How to Improve Landing Pages
The reason is that landing pages have a distinct purpose, and it’s not the same purpose that’s assigned to the home page.
The home page of a website or blog is similar to a summary of the site. That’s why it’s official name is the index page for the entire site directory.
The home page is where most visitors land when first coming to a site. Its job is to instantly communicate what the site is about. It gives a visitor a glimpse of what information and details are waiting for them when they click around the site. The home page usually has one strong call to action inviting the visitor to start here, but without using those words. On any site, there is only one home page.

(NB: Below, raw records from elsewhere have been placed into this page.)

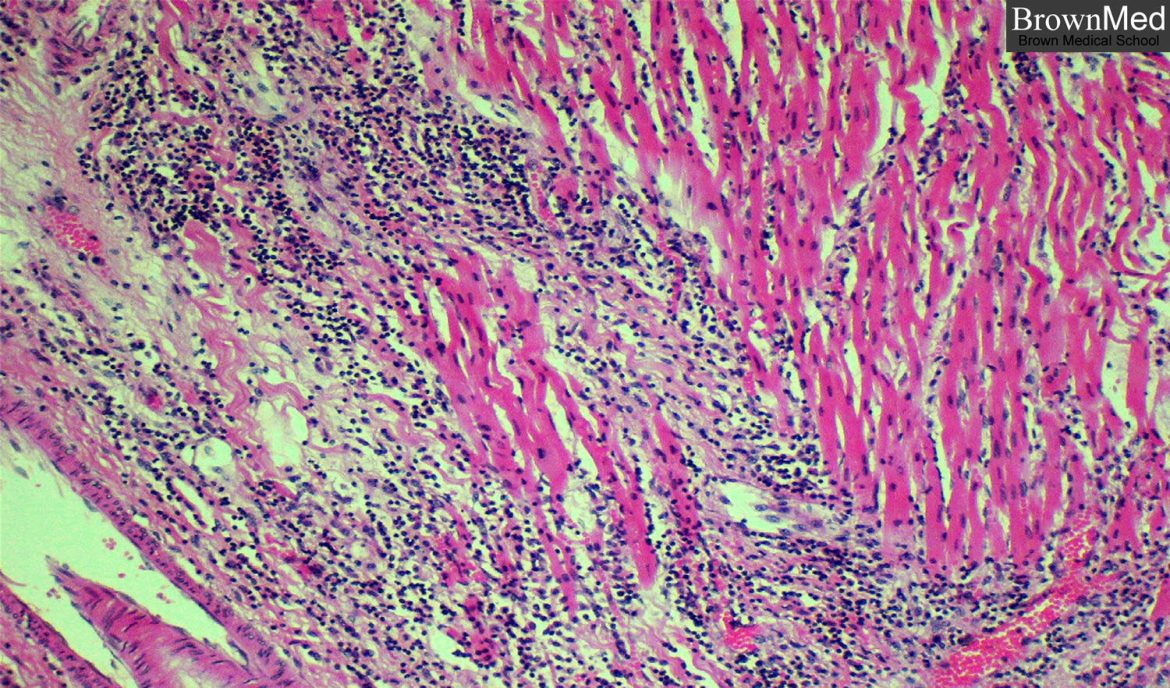 e COVID-19 Myocarditis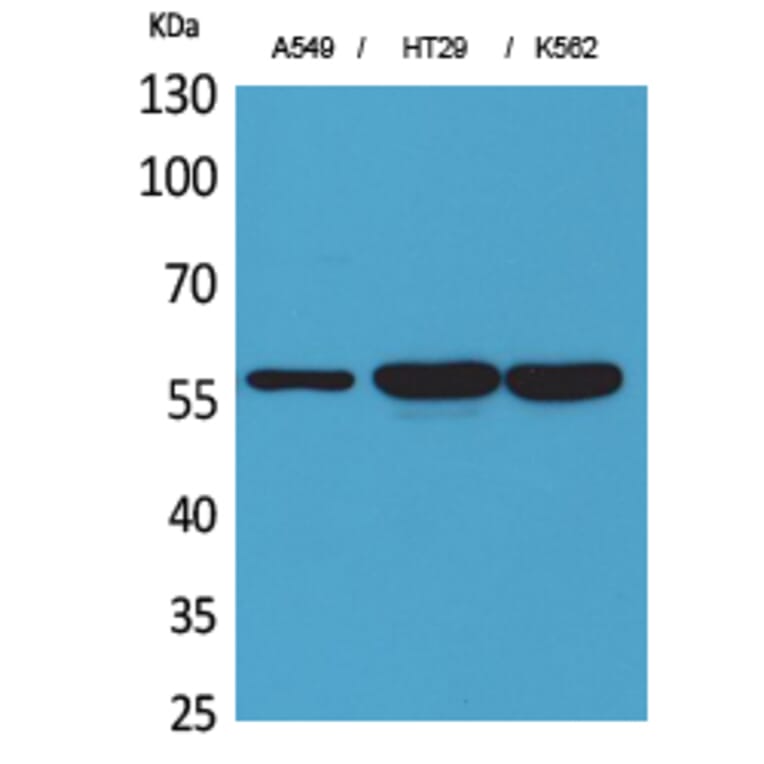 Western blot - ERp57 Polyclonal Antibody from Signalway Antibody (41628) - Antibodies.com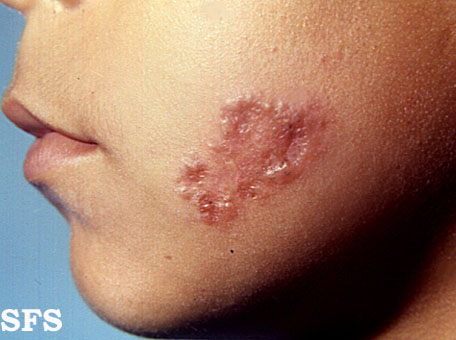 File:Sarcoidosis (Dermatology Atlas 1).jpg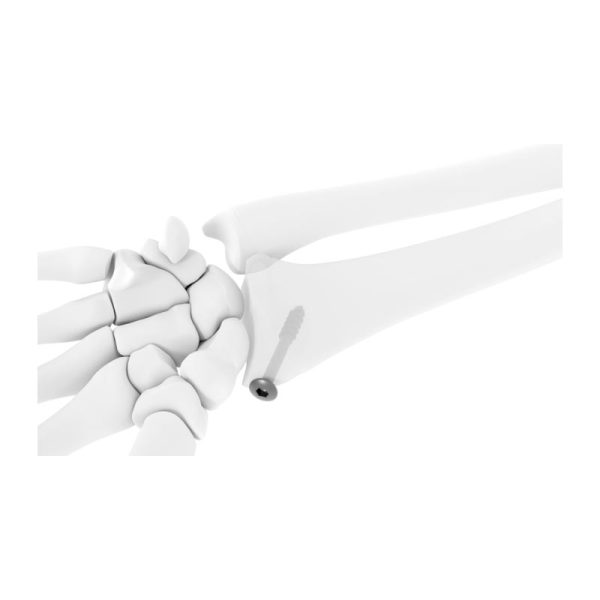 Cannulated Screws (CAS) - Image 3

On the other hand, the landing page is not a summary. It’s job is not to summarize or list the features and benefits of the site. In fact, there can be more than one landing page on any given site.

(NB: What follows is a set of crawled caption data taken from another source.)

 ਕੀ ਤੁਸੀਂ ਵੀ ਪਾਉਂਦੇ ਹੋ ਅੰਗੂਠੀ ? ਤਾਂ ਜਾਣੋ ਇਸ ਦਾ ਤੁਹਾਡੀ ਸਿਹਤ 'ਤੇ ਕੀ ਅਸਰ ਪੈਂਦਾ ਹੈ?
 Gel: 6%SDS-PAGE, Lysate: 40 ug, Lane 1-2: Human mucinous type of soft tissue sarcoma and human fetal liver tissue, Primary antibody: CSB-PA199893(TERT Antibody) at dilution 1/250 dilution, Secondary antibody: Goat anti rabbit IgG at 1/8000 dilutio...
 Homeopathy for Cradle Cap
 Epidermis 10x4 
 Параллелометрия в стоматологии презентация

The landing page is a sales page. In fact, it is “the” sales page. That’s its job. It’s as if the page was a big round target with a bullseye in the middle. Prospects for your sales page are the arrow that you want to attract to your sales page, but that’s only step one.
Using the target and arrow as an example, most better understand that land pages are lead-generation or lead-capture sales pages.
Another way to know the purpose of landing pages is to realize that underneath the content, the landing page is an super advertisement with a catch. It’s a mousetrap waiting to snap up response to whatever the offer is.
When you realize that a landing page is a sales page, it’s easier to understand it’s purpose. Once a marketer, such as a home business startup, knows what a landing page is, and what it’s designed to accomplish, then it’s easier to improve landing pages.
1. The first step in the process of developing a land page is to decide where the visitor is going to come from. For example, if you run an Adwords campaign, landing page A could be where the visitor lands after clicking the ad link.
Other starting points could be an email campaign or even offline newspaper advertising.
It’s important to know where the visitor originates so you can have the correct information waiting on the page.
For example, your Adwords campaign might promise a discount, whereas an email campaign might be promoting an ebook. You want the visitor to instantly know they are on the right page.
The first way to improve your landing page is to make the content match the offer. Some newbies load the page with everything under the sun that their site offers. That’s confusing and dilutes the opportunity for a sales conversion. In other words, too many options generally result in no action. It’s overwhelming and the visitor clicks away.
2. Once you’ve got visitors coming to your landing page, you want to present your offers in a way that leads them to take action. That is, take the action you want them to take.
There are many strategies that help lead the prospect through the sales process. One strategy that many new home business startups overlook is the mini-close. You want to begin getting agreement as quickly as possible. You can improve landing pages by placing several mini-closes from the top of the text to the final closing sequence.
3. Finally, one of the best tips to improve landing pages is the call to action. This is where top marketers put their best foot forward. It’s the last chance to convert visitors from browsers to buyers — even if you want them to buy-in downloading a free ebook or to subscribe to your newsletter. It’s a sale. Not every call to action has an immediate financial outcome. That may come later… in the sales sequence.
That’s the tip. For some sales, it’s wiser to gently lead the visitor to take some action. Newbies try to cram the buy now, download now, get this or that — in the face of visitors. That may work, but it’s more likely that the conversion rate is low compared to what could be accomplished. Top marketers follow proven marketing strategies and in doing so earn a high percentage of sales conversions.
Offer one thing. Lead the visitor through the landing page content with agreement. Close the sale with a strong call to action. Analyze your click-through rates and conversion rates to determine if the landing page content does its job. Make modifications until the rates meet your objectives.